I've talked several times about letting your first drafts be terrible, not thinking, just going, and how everything can be fixed after the first draft.


I know as well as you that is easier said than done.


I'm working on a novel right now and I'm getting close to the end. Very close. We're talking the last 8,000 words or so. I can see the finish line. Except, I can't.

This is my least favorite part of first drafts, because it's the moment I have to start figuring out how to tie everything up. For this novel, I've realized I can't. The subplots I opened, characters I introduced, and themes I added cannot all be completed in the words I have left.


It is at this point I am noticing everything that has gone wrong so far. The character who was first introduced in chapter 20 who definitely should have come up earlier. The important thing I mentioned in chapter 2 and forgot all about. The subplots that vanish for chapters at a time, only to reappear when they're convenient for me.


In short, I'm frustrated.

The ending feels forced and messy. There's parts of this novel I'm proud of. Parts that I think will stay in the final draft. I feel like overall it's a good story. But looking at it from so close to the end is making me feel otherwise.


Because I'm also realizing how big some of the problems are. I can't go back and add or tweak a few sentence. I'm going to have to rewrite entire chapters. Restructure entire sections. Rework entire pages. It feels overwhelming. It makes me not want to finish.

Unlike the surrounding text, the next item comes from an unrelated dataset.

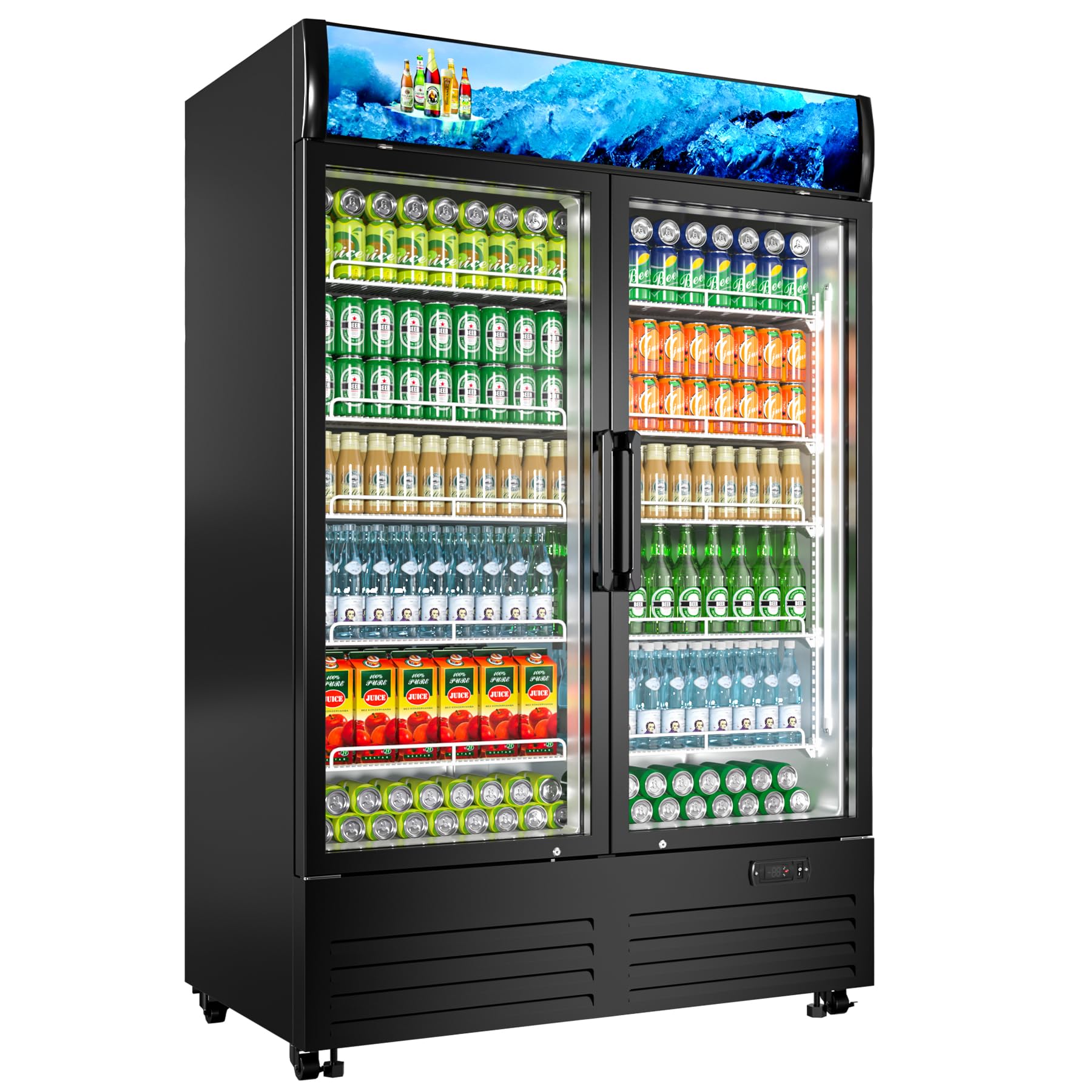 Photo 1 of Rockitch Commercial Merchandiser Refrigerator 2 Glass Door Display Fridge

But I'm trying to remind myself that every novel I've ever written has felt frantic, messy, and unfinished as I wrote the last five chapters. It's an ideal time to see just how crappy the crappy first draft is. I'm also trying to remind myself that those novels no longer look like that. I finished them and I've finished the second and third drafts and now they look polished. Neat. Tied-up. Well paced.


All the things that made me feel like the novel was terrible at the end of the first draft are gone now. So though I'm getting discouraged with this project, though I feel like 8,000 words is not nearly enough, I know it doesn't need to be. As soon as I write the last line, I can put the story away for a while.


Next time I pick it up, I know I'll be able to fix it. The revision seems overwhelming. But I can't revise what I don't finish. So, if you're in the same situation as me, keep going. Even if your story looks like trash, finish is. Completed trash is so much better than incomplete trash.


Completed trash is the only trash that can be improved. So get a move on.


 

Do you feel this way when you near the end of a project? What do you do about it?